■ Description of the task: Repeat the whole listing word for word, skipping pictures.

■ Data below:
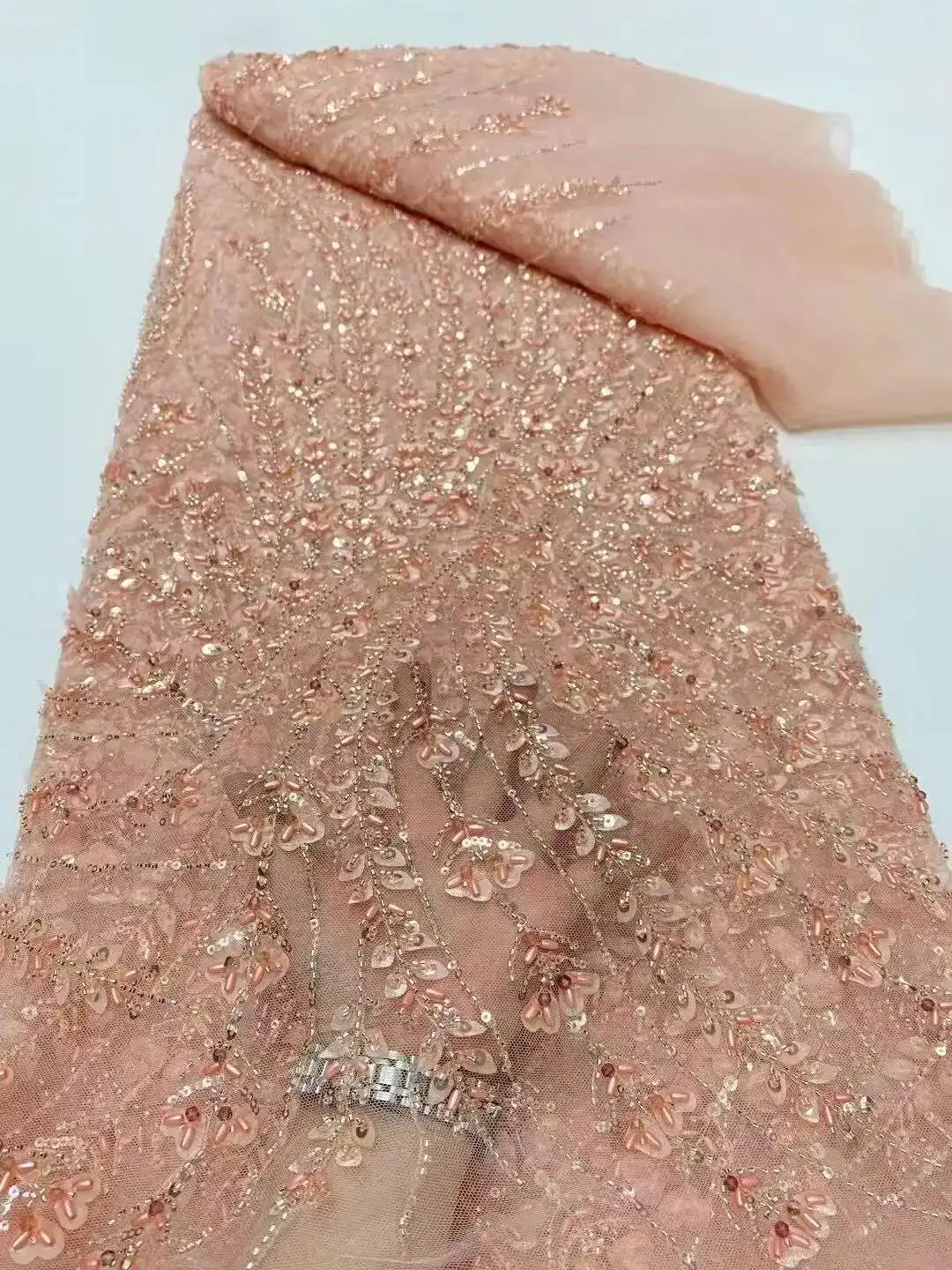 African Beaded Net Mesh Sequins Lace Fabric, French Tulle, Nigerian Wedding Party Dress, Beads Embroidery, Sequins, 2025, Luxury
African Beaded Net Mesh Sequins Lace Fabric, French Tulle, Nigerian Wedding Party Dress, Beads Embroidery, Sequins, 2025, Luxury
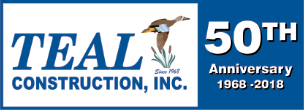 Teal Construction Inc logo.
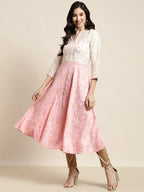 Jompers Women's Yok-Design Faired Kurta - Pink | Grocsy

■ Exercise response:
 African Beaded Net Mesh Sequins Lace Fabric, French Tulle, Nigerian Wedding Party Dress, Beads Embroidery, Sequins, 2025, Luxury
African Beaded Net Mesh Sequins Lace Fabric, French Tulle, Nigerian Wedding Party Dress, Beads Embroidery, Sequins, 2025, Luxury
 Teal Construction Inc logo.
 Jompers Women's Yok-Design Faired Kurta - Pink | Grocsy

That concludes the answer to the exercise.